PROMPT
Using the material below, print a verbatim copy of every line from the one containing "FRIFUL Jersey holgado" through the one containing "Double Walled Glass", inclusive, and omit the pictures.

DATA SUPPLIED
===

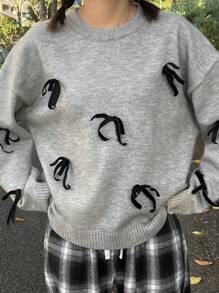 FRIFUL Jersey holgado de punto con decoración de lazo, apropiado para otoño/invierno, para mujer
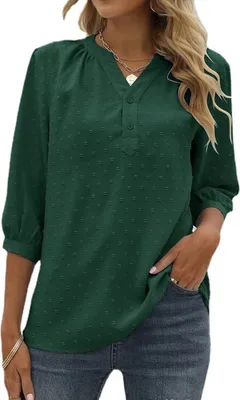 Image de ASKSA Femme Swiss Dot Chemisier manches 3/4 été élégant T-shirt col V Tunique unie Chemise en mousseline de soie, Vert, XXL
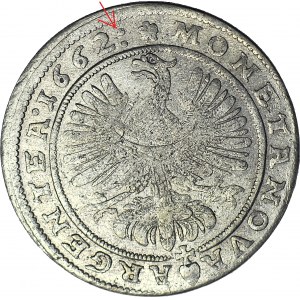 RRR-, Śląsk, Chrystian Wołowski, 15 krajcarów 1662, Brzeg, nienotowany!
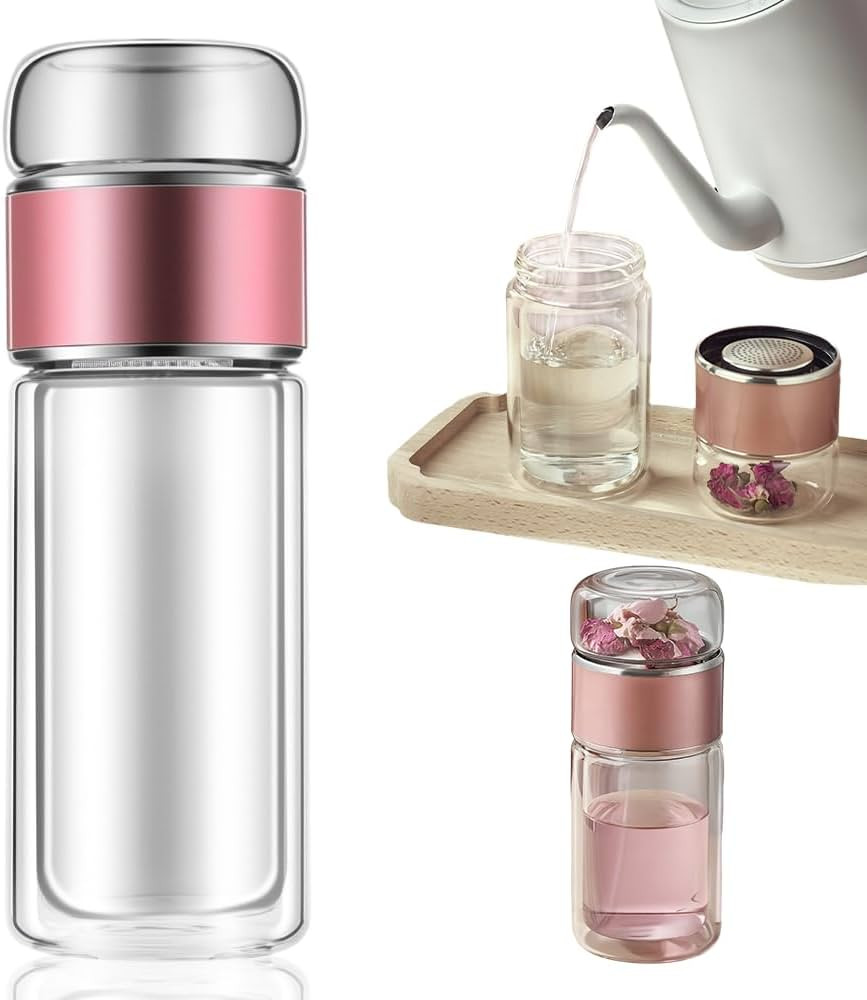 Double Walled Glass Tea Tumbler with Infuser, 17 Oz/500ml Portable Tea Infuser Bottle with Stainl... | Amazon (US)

===

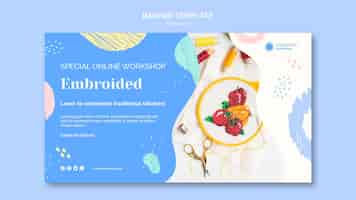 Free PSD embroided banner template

===

RESPONSE TO THIS TASK
 FRIFUL Jersey holgado de punto con decoración de lazo, apropiado para otoño/invierno, para mujer
 Image de ASKSA Femme Swiss Dot Chemisier manches 3/4 été élégant T-shirt col V Tunique unie Chemise en mousseline de soie, Vert, XXL
 RRR-, Śląsk, Chrystian Wołowski, 15 krajcarów 1662, Brzeg, nienotowany!
 Double Walled Glass Tea Tumbler with Infuser, 17 Oz/500ml Portable Tea Infuser Bottle with Stainl... | Amazon (US)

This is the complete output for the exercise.